— WORK TO COMPLETE —
Among the entries that follow, locate the line with "i-love-coffee-girls-clipart" and the line with "Designer Cardow 14k". Output those lines and all lines in between, exactly, minus the pictures.

====== RECORDS FOR THE EXERCISE

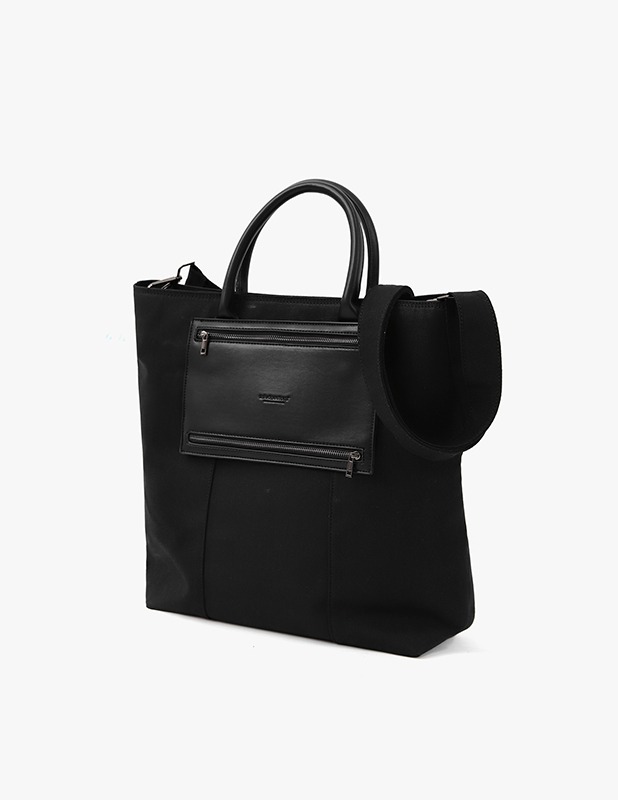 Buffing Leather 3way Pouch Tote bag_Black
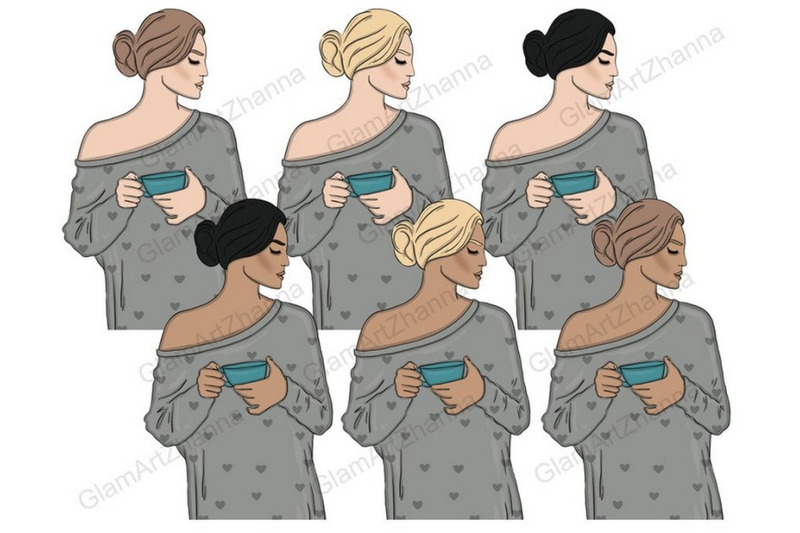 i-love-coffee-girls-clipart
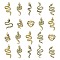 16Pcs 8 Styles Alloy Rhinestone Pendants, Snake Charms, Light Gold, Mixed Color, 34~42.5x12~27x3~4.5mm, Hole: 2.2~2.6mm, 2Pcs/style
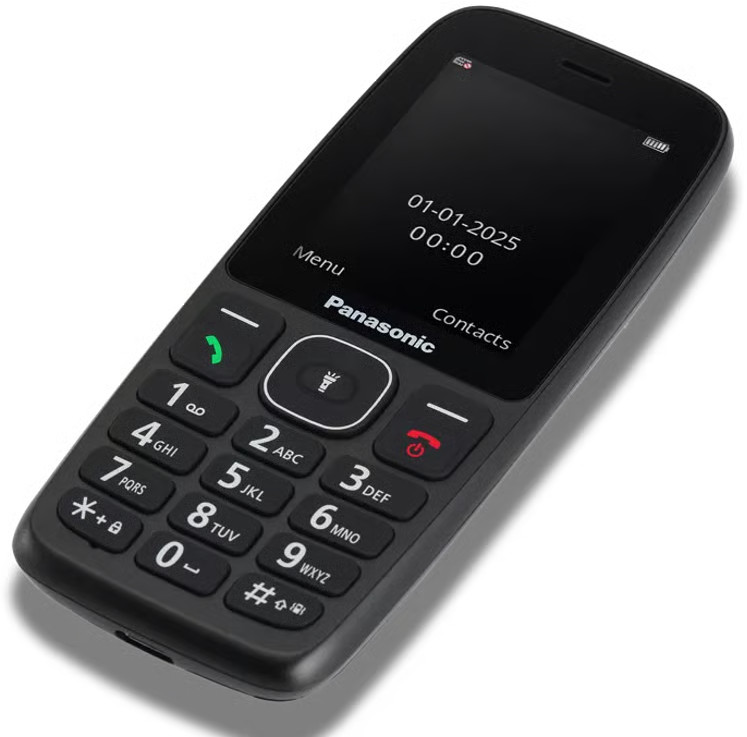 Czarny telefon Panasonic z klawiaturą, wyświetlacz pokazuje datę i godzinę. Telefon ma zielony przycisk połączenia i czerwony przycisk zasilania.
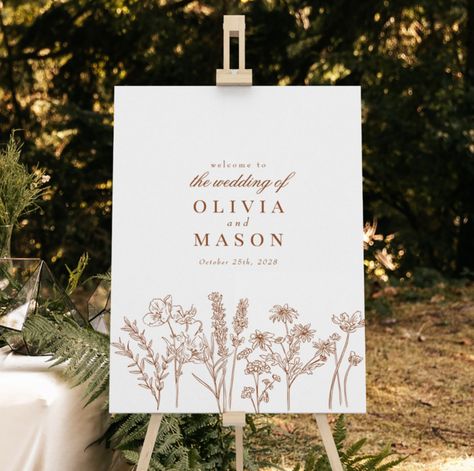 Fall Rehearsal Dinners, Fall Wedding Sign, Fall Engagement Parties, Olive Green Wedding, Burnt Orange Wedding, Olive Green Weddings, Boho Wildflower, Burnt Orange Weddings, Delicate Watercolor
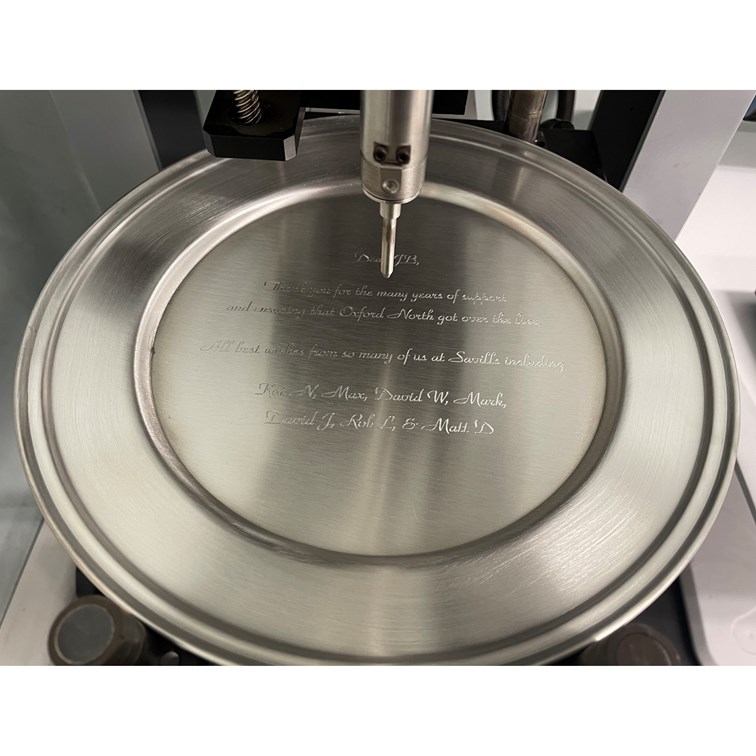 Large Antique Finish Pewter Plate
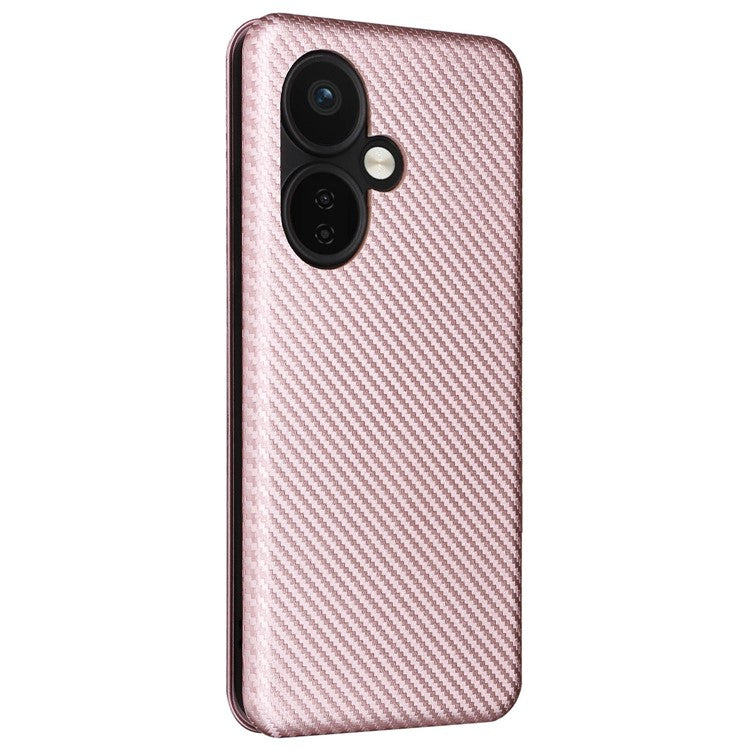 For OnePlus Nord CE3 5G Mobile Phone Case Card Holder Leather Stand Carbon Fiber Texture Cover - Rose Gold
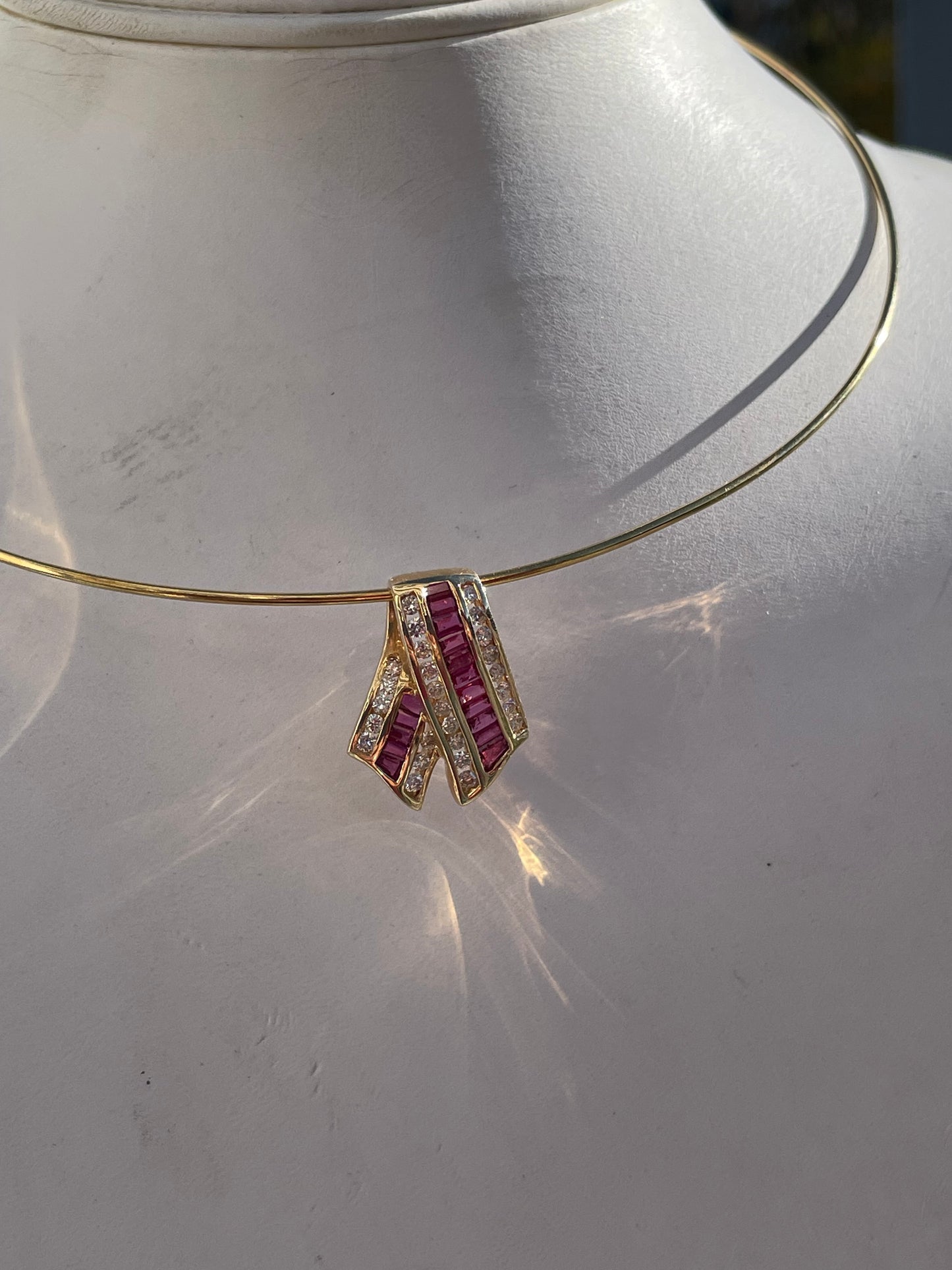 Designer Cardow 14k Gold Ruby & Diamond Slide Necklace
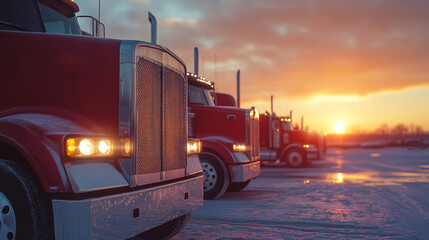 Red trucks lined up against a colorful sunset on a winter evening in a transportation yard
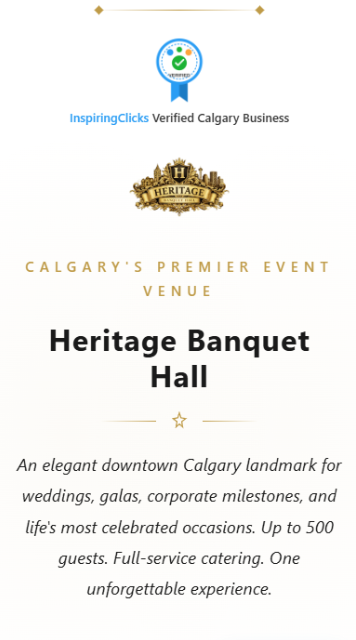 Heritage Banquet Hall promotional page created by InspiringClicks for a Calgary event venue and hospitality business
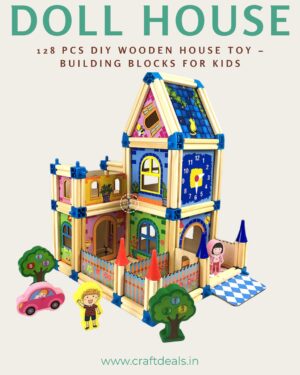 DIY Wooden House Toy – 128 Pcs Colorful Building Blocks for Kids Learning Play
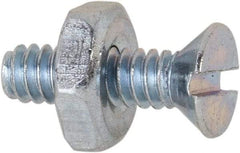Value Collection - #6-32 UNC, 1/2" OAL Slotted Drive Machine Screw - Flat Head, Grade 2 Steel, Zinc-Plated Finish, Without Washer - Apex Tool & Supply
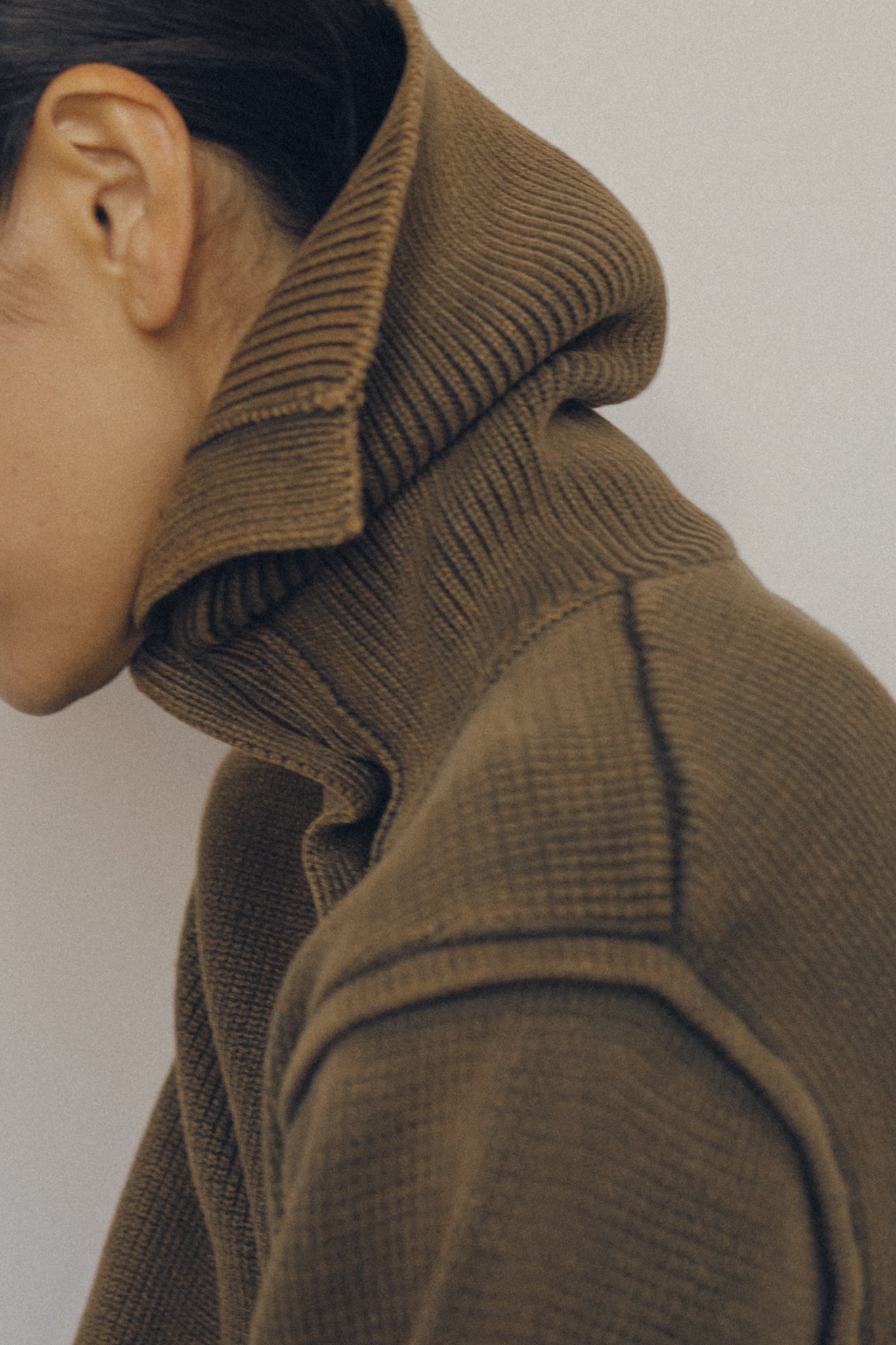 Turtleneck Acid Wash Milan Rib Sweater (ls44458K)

============

— RESPONSE TO THIS EXERCISE —
 i-love-coffee-girls-clipart
 16Pcs 8 Styles Alloy Rhinestone Pendants, Snake Charms, Light Gold, Mixed Color, 34~42.5x12~27x3~4.5mm, Hole: 2.2~2.6mm, 2Pcs/style
 Czarny telefon Panasonic z klawiaturą, wyświetlacz pokazuje datę i godzinę. Telefon ma zielony przycisk połączenia i czerwony przycisk zasilania.
 Fall Rehearsal Dinners, Fall Wedding Sign, Fall Engagement Parties, Olive Green Wedding, Burnt Orange Wedding, Olive Green Weddings, Boho Wildflower, Burnt Orange Weddings, Delicate Watercolor
 Large Antique Finish Pewter Plate
 For OnePlus Nord CE3 5G Mobile Phone Case Card Holder Leather Stand Carbon Fiber Texture Cover - Rose Gold
 Designer Cardow 14k Gold Ruby & Diamond Slide Necklace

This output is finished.